This past weekend I attended Data Insight and hacked alongside a great group of people. Our team had a lot of fun and learned a lot by tackling a tough issue, child abuse. We used the statistics for 2002 from infochimps to visualize reported child abuse cases in the US. We wanted to do more than just show proportions by category and with some creative influence from excellent speakers we came up with this:
Check the original full width standalone version
You can mouse over the circles in the top left to view each category of abuse and see the warning signs. We hope that interacting with the visualization allows people to spend a little more time exposed to something we would otherwise rather not think about. Awareness is a large part of prevention, and we hope this can help.

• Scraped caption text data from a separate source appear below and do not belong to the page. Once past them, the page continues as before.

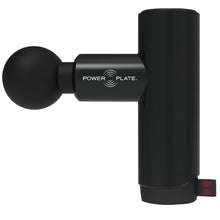 Power Plate Mini Plus massage gun in black with round head.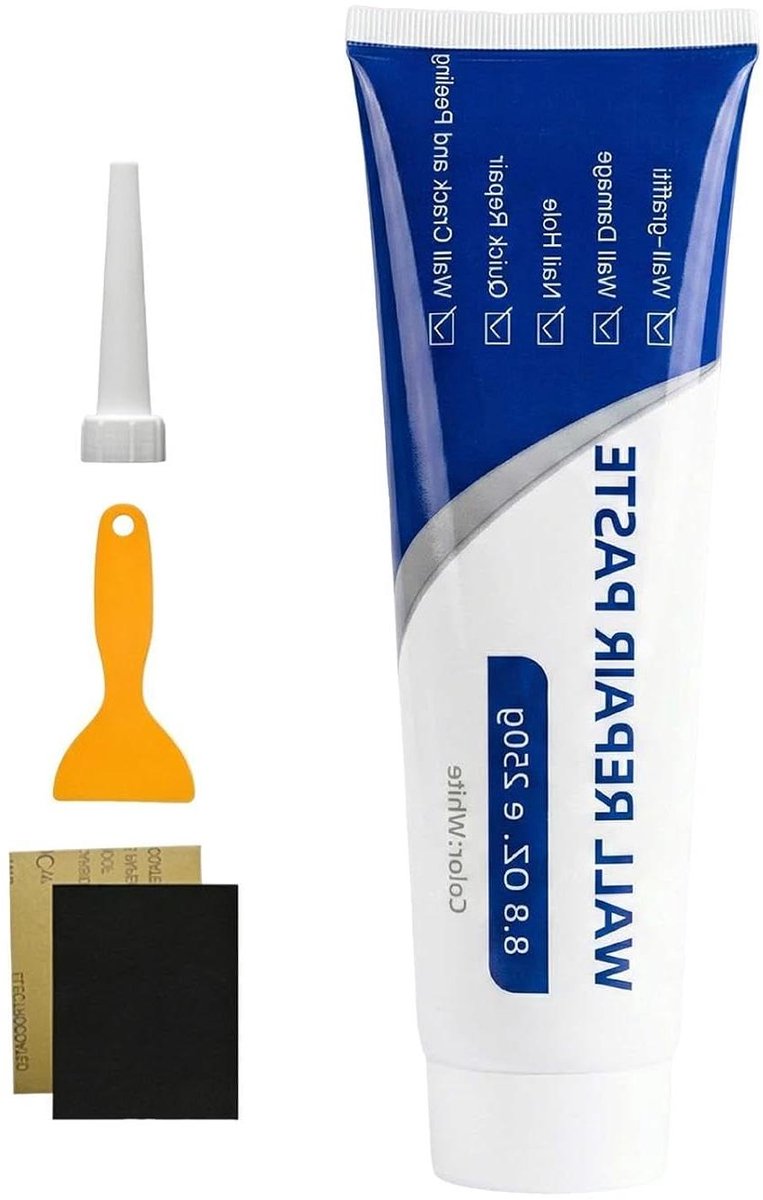 Muurreparatiepasta - Muur herstel - Gaten Vullen - Gladde Afwerking - 250 gram - Wit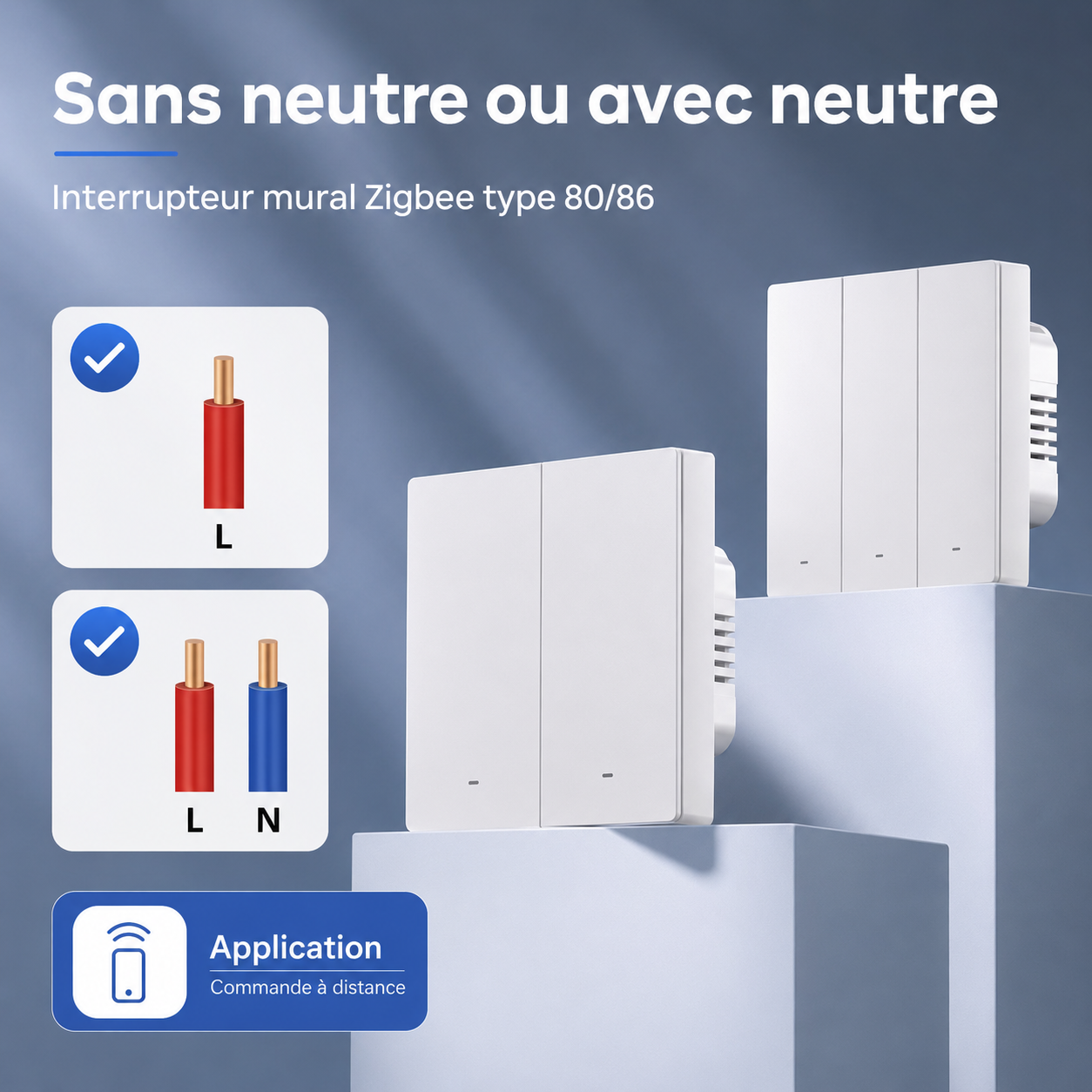 NéoSwitch ZBM5 Pro blanc installé au mur pour éclairage Zigbee.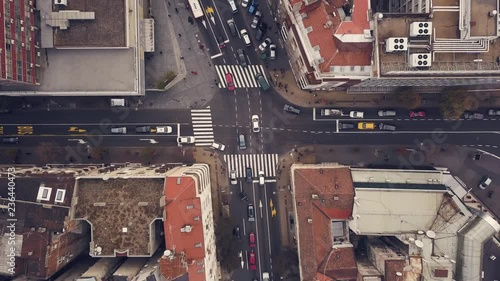 Top view of crossroads with car traffic in Belgrade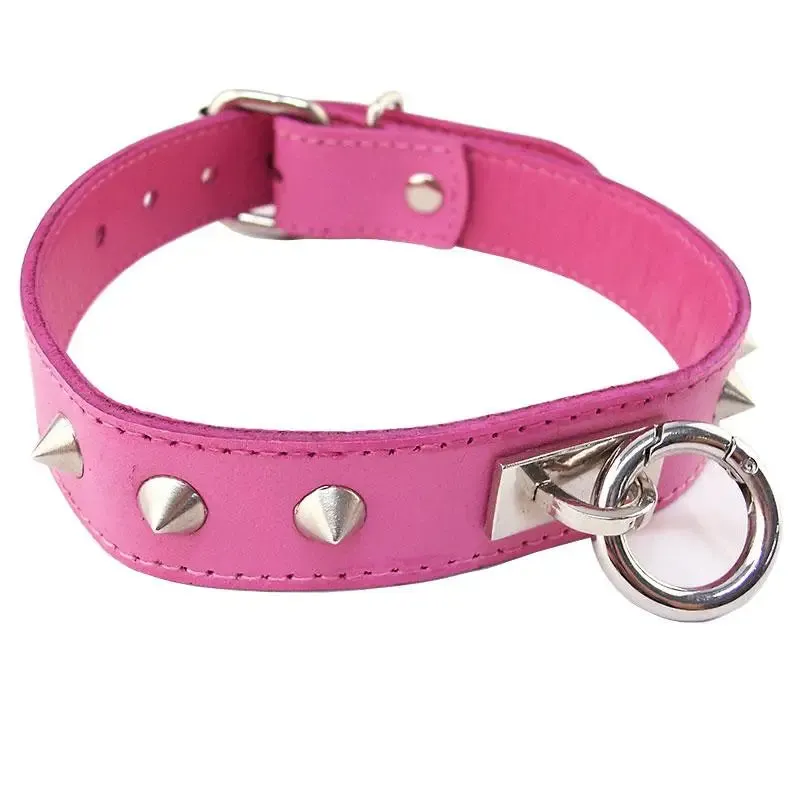 Rouge Garments Pink Leather O-ring Studded Collar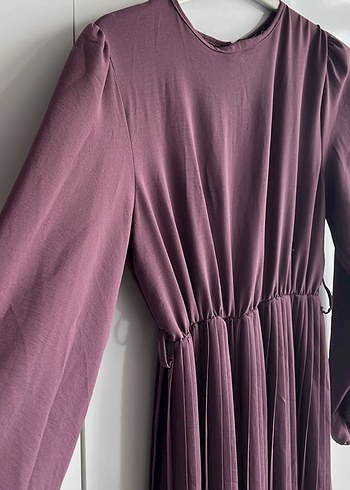 Zara Kadın Mor Uzun Piliseli tulum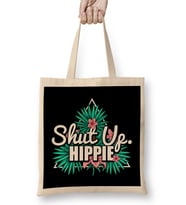 Cute & Funny Shut Up Hippie Anti Hipster Bez Çanta Uzun Saplı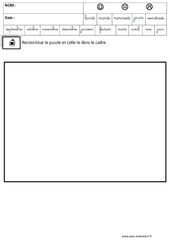 Cirque - Puzzle - Logique : 3eme Maternelle - Cycle Fondamental - PDF à imprimer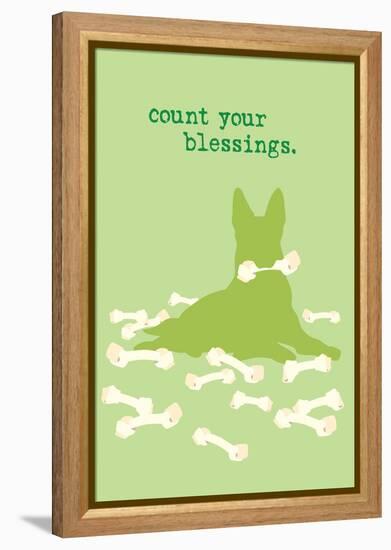 Count Blessings - Green Version-Dog is Good-Framed Stretched Canvas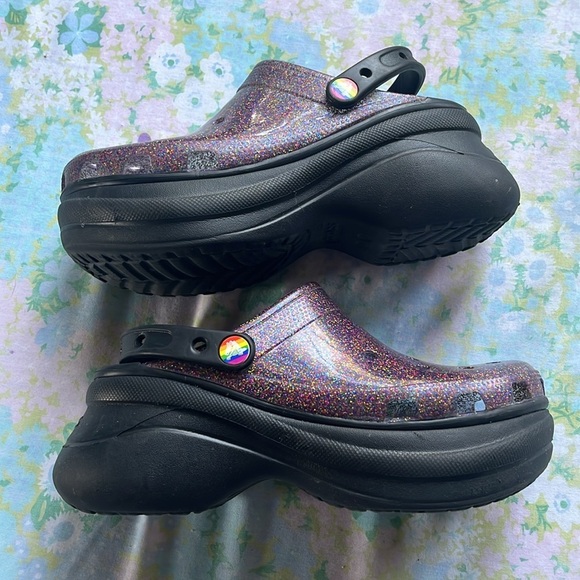 Crocs | Classic Translucent Glitter Bae Platform Clogs Pride Edition Sz 8 - Picture 4 of 8
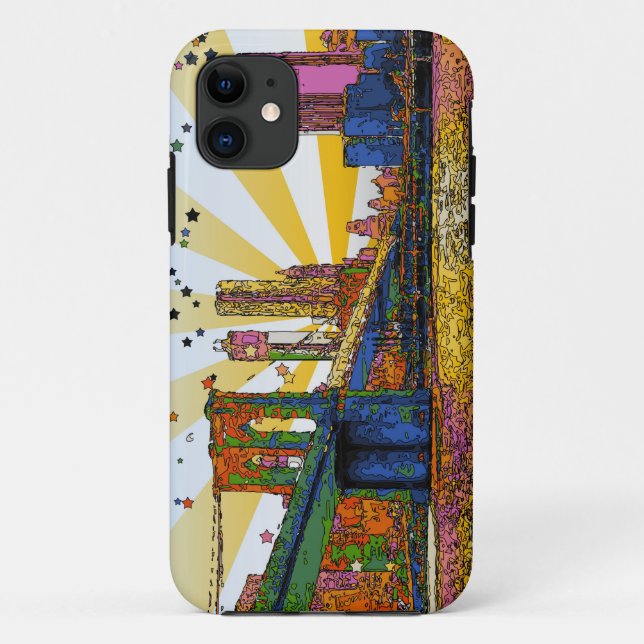 Psychedelic New York City: Brooklyn Bridge, WTC #1 Case-Mate iPhone Case (Back)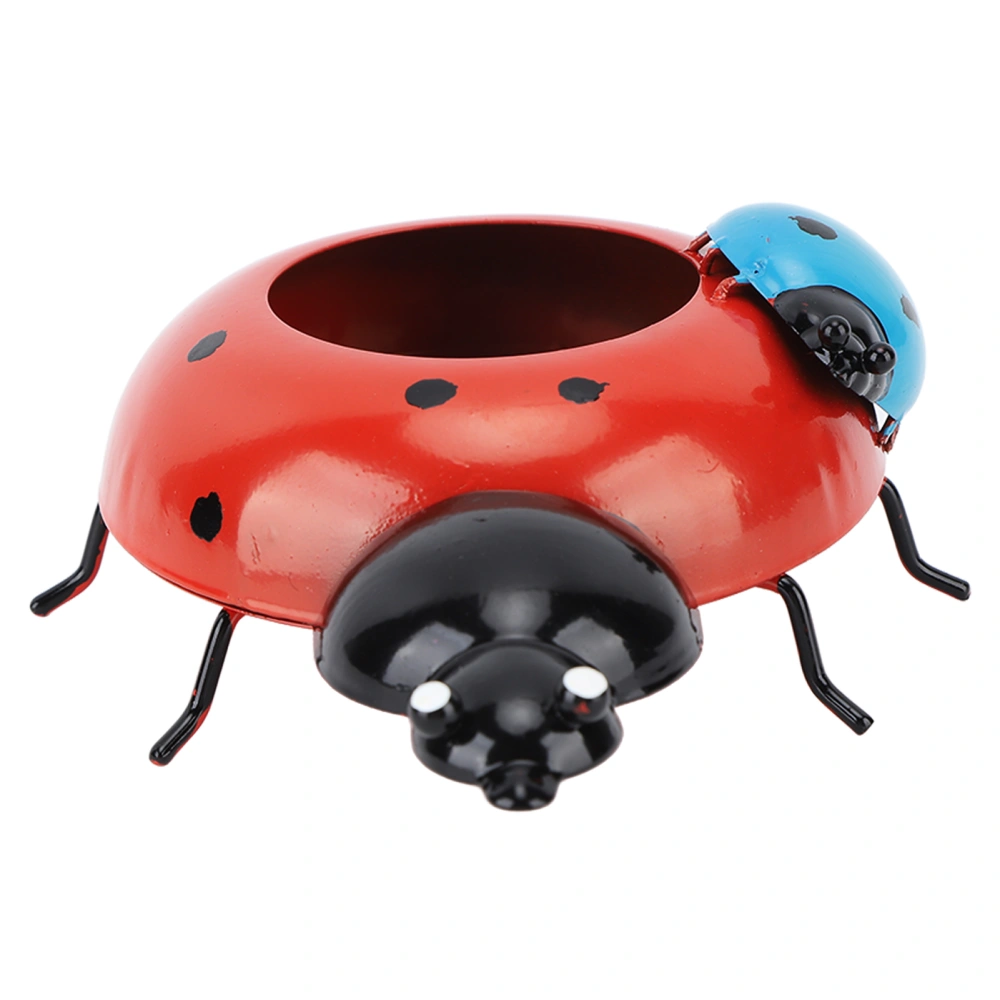 5.4cm Diameter Flower Pot Decor Ladybug Shaped Smoothing Surfaces Iron Planter Pot for Garden Red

Additionally we’d like to point out the lack of good data in this area. The reports available offer no insight into categories which would be useful to explore, such as breakdown by age, gender, race, family size or any other metric. There seem to be proprietary data sets which require actual mail to obtain. I particularly hope that events like data insight help show the importance and usefulness of good data. Check out the winning teams for some awesome examples
As always I’ve gotta get technical, so I want to say a few things about how this was made. It’s all processing.js with a nice Tween library from Quasipartikel. I implemented a 2D flocking particle system based on my colleague Myrna’s work. The “kids” each represent 1% of child abuse cases, so each category has however many kid particles as percent of cases. They react to the mouse with avoidance or goal oriented behavior depending on a variable set per category. They also have flocking rules which vary slightly by category to get for example more aggressive behavior or more spread out. All the code is on github so you can check it out. Keep in mind it was hacked together in one weekend!